Friday, October 30, 2009

FIGJAM

One of the facts of life for junior doctors where I work is term assessments.  These go through all the way until adulthood (ie getting your FRACW*), but the prescribed form is different depending on your level.  I've only been in generalist jobs so far so none of this post applies to specialist training jobs.

Part of the process of evalution is trainee self-evaluation.  There is an episode of Scrubs

which highlights the objectives of this.  The NSW assessment form has a range of categories in which trainees can be 

  • clearly below standard
  • borderline
  • at standard
  • clearly above standard

Previously in my assessments I have just ticked myself as being at standard in every category.  As Cox says, I'm not great, I'm just ok.   I've never had anything below "at standard", thankfully, and in most terms my supervisor will pick a couple of categories and put them as "clearly above".  Usually these are the same few topics, and by now I have a clear sense of my strengths and those areas which, while not exactly weaknesses, aren't things areas where I should necessarily be giving tutorials.

This week I was pretty fresh from remembering that patient, so I gave myself a few extra "above standards" for things like clinical knowledge and managing acutely ill patients.   I went to my evaluation...

and my assessor just agreed with me, checkbox for checkbox. 

I wonder if I should have given myself a few more.

* Fellowship of the Royal Australasian College of Whatever.

Thursday, October 29, 2009

hey, remember that patient...

I read about the effects of this phrase on emergency physicians at http://thecentralline.org/?p=568, but I'd never really seen its effects.  I've been working in emergency while my life in on hold, and I saw one of the attendings from last week in the office, so I said:

"hey, remember that patient from last week?  Jeremy Smith?"

and I could visibly see him work through the algorithm in his head...

"no, remind me again?"

"85 year old, went into resus for hypotension;  from a nursing home, acute on chronic renal failure..."

"oh yeah"

"anyhow, she had a hemicolectomy and is doing well.  A save."

"not just a save, a resurrection!"

Although calling it resurrection may be hyperbole, the dood was ASA 5E, surviving a condition with 50-90% mortality.  and I owe it all to Bongi and one line in that blog post, which made me think of the right diagnosis a year later.

Monday, October 26, 2009

them's fighting words

Auscultation, once thought to be the exclusive province of the physician, is now more important in surgery than it is in medicine. Radiologic examinations, including cardiac catheterization, have relegated auscultation of the heart and lungs to the status of preliminary scanning procedures in medicine. In surgery, however, auscultation of the abdomen and peripheral vessels has become absolutely essential.

The above is from Current Diagnosis and Treatment: Surgery.

Once upon a time, the lovely folks at PagingDr and I had a polite debate about the usefulness of auscultation in the context of how expensive a stethoscope should be purchased.  I still think that auscultation of the heart as part of the daily examination is not particularly useful - the likelihood of developing an abnormality that can be picked up on auscultation is minimal - but I do not believe that auscultation of the lungs is a preliminary scanning procedure;  it is essential in the early diagnosis of fluid overload and pulmonary oedema, much more than the chest radiograph or any other investigation.
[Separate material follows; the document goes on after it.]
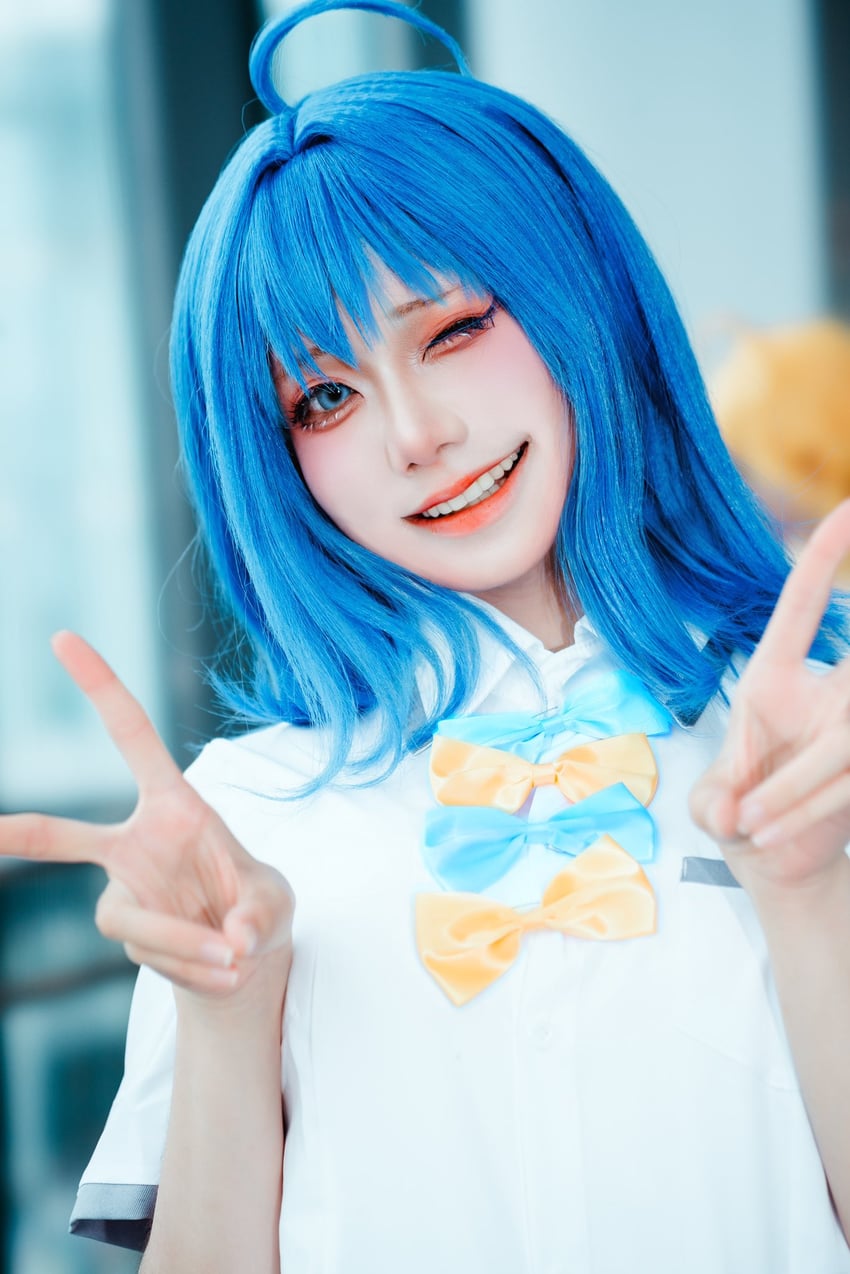 yanami anna (make heroine ga oo sugiru!) by yantao_youniao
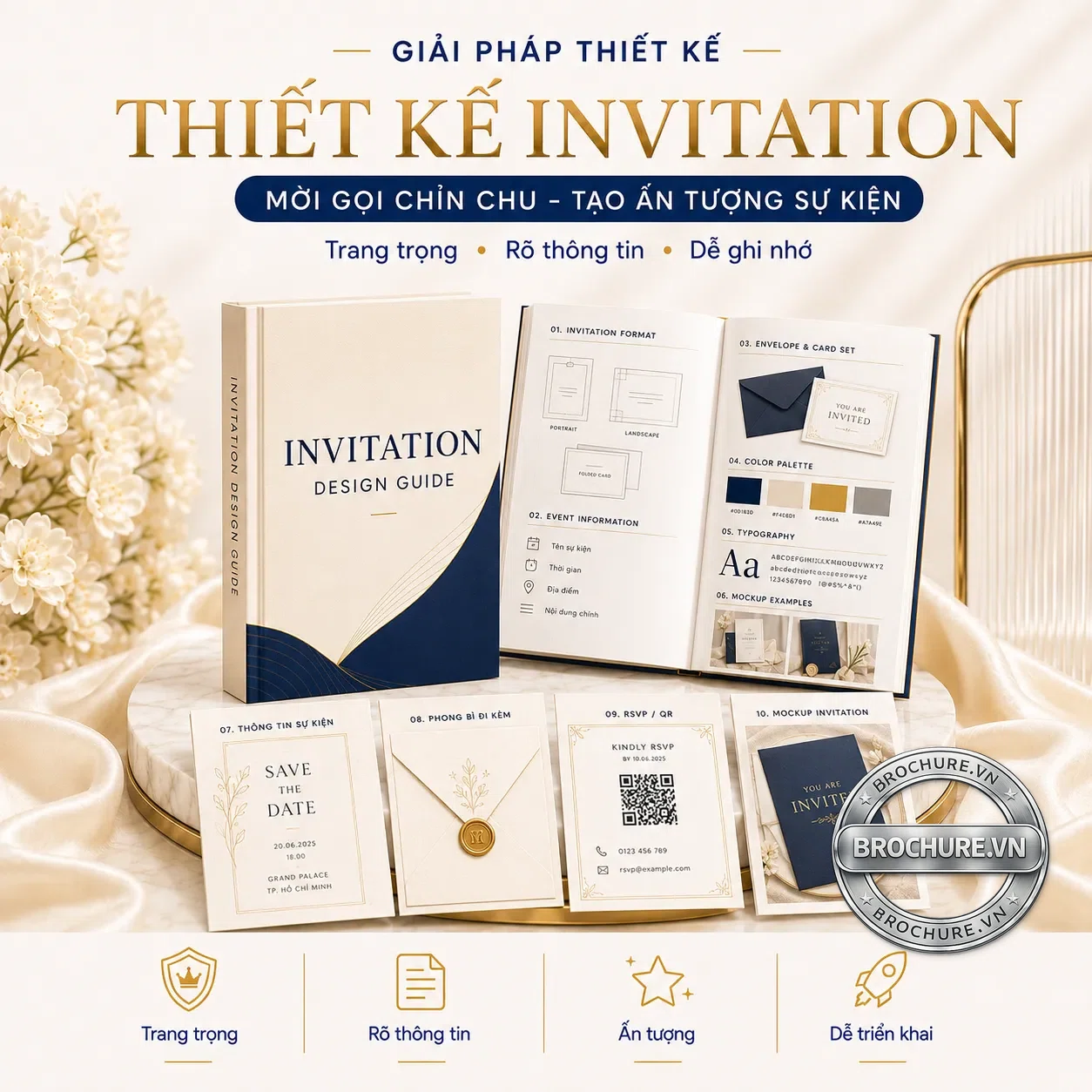 Thiết kế invitation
Being a ward resident/intern is quite different between medical and surgical teams.  On my medical rotations, I would politely stand and scribe while the registrar examined and dictated.  I would rarely if ever lay hands on the patient;  the ED resident or registrar did the initial examination, and the ward registrar did the daily examination.  On a surgical firm, the ED resident would often not bother documenting a cardiorespiratory exam, and the surgical registrars were never interested in what someone's chest sounded like, front or back.  After the "wave" round at 7am, I would go back between 8-9 and have a listen to the chests (back only).  I would suggest that new interns on surgical teams get into the habit of doing this, and documenting it every day.

I used to listen to the front, but I never picked up a thing.  This may just be a reflection of my (lack of) cardiac auscultation skills.